A causal chain is repeatedly described as a sequence of events for which one event in a chain causes the next. According to Goldman, these chains can only exist with the presence of an accepted fact, a belief in the fact, and a cause for the subject to believe the fact. The essay also explores the ideas of perception and memory through the use of the causal chains and the concept of knowledge.

==Background==
The essay is regarded as an improvement and rebuttal of Edmund Gettier's "Is Justified True Belief Knowledge?", which is one of many attempts to explain the necessary conditions for knowledge to develop. Goldman implements the causal connection to reiterate his own theory of knowledge. Knowledge exists, says Goldman, if and only if the belief is justified by a reaction to the accepted fact.

Goldman's theory later counters that of Michael Clark, stating that his own theory including figures and diagrams is more appropriate than Clark's. "A Causal Theory of Knowing" uses figures which make explicit references to causal beliefs. Clark's model does not utilize these arrows, and Goldman states that the lack of these arrows deems Clark's model deficient.

==Author==
Alvin Goldman, later a professor of philosophy at Rutgers University, wrote "A Causal Theory of Knowing" when he was in his late twenties. Goldman received his Ph.D. from Princeton University, and taught at numerous universities during his lifetime.

Goldman's research dealt mainly with epistemology and other cognitive sciences. "A Causal Theory of Knowing" was Goldman's first published paper explaining his own views of epistemology. Throughout his career, Goldman wrote more than ten essays focusing on knowledge and cognitive science.

==Contents==
The essay starts with a definition of Gettier's theory, followed by multiple reiterations of the idea of causal connections, figures to explain knowledge through a visual perspective, and references to perception and memory through causal chains.

The essay tends to focus on examples in which knowledge or other sensations do not exist, rather than proving a certain fact to be known. Goldman also states on multiple occasions that he does not wish to explain the causal process in detail, instead pointing out counterexamples. At numerous times in the essay, he also points out that he does not intend to give definitive answers to each of the propositions mentioned.

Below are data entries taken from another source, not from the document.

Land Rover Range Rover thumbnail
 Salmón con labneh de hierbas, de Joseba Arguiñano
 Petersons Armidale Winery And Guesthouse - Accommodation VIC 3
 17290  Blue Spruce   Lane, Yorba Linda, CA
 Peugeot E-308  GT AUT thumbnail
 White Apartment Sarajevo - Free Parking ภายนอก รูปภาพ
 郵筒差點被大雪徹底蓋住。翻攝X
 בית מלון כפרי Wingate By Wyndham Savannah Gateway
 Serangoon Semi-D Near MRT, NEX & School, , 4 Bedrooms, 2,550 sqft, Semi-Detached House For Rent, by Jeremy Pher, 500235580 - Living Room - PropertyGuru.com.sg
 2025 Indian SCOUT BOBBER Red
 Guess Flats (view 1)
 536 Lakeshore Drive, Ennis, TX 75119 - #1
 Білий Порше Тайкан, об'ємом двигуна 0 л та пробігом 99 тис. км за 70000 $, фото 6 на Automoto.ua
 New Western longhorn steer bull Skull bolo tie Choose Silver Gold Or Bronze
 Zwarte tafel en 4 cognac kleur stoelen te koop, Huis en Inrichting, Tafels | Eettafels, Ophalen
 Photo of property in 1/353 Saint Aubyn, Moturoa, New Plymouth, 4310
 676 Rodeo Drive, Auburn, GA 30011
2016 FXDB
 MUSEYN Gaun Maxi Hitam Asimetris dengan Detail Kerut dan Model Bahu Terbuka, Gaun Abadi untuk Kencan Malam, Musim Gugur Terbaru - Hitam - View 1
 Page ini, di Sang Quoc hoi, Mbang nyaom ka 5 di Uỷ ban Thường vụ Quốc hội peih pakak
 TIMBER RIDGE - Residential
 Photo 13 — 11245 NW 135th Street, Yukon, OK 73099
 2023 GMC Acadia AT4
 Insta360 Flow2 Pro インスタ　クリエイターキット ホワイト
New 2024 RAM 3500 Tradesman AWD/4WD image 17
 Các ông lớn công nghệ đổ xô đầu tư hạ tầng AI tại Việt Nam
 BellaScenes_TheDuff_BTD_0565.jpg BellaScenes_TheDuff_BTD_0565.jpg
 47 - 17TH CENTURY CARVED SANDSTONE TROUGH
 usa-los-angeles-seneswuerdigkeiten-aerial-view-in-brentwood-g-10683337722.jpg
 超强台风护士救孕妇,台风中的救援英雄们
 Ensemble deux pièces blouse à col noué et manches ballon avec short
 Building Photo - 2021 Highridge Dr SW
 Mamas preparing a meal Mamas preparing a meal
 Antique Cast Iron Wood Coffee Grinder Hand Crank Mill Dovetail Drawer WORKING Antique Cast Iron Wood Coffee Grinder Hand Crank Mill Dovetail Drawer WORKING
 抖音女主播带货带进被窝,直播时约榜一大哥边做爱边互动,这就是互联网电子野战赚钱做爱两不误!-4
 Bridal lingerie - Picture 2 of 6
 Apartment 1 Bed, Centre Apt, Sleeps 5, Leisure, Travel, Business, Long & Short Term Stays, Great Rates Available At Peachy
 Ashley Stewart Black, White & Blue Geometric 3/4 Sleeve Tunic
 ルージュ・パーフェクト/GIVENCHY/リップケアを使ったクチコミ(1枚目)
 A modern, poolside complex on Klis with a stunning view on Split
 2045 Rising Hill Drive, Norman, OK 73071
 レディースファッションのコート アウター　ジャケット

Goldman also refocuses the idea of perception, or knowledge through sensation (specifically sight) using his own theory of knowing. The concept of causal perception indicates that one observes something only if the object itself causes the sensation of sight to be accepted as known. Thus, the object's existence must be factual and one must believe its existence. While all knowledge comes from facts, inferred knowledge emerges when physical object facts cause sense data which can be perceived as senses. The sense data can also be used to make conclusions, known as inferred knowledge, about certain physical object facts.

From "A Causal Theory of Knowing", Goldman constructs the idea that memory is also a causal process. Memory is explained as being an extension of knowledge into the future, and remembering is the act of recalling a fact that has already been known. Further, the theory states that if knowledge is forgotten at one time, it cannot be considered a memory in the future. According to Goldman, if a fact is known at Time 1 but forgotten at Time 2, and then at Time 3 that the fact is perceived again but not known, at Time 3 the original fact is not a memory because there is no causal connection between the fact and the memory.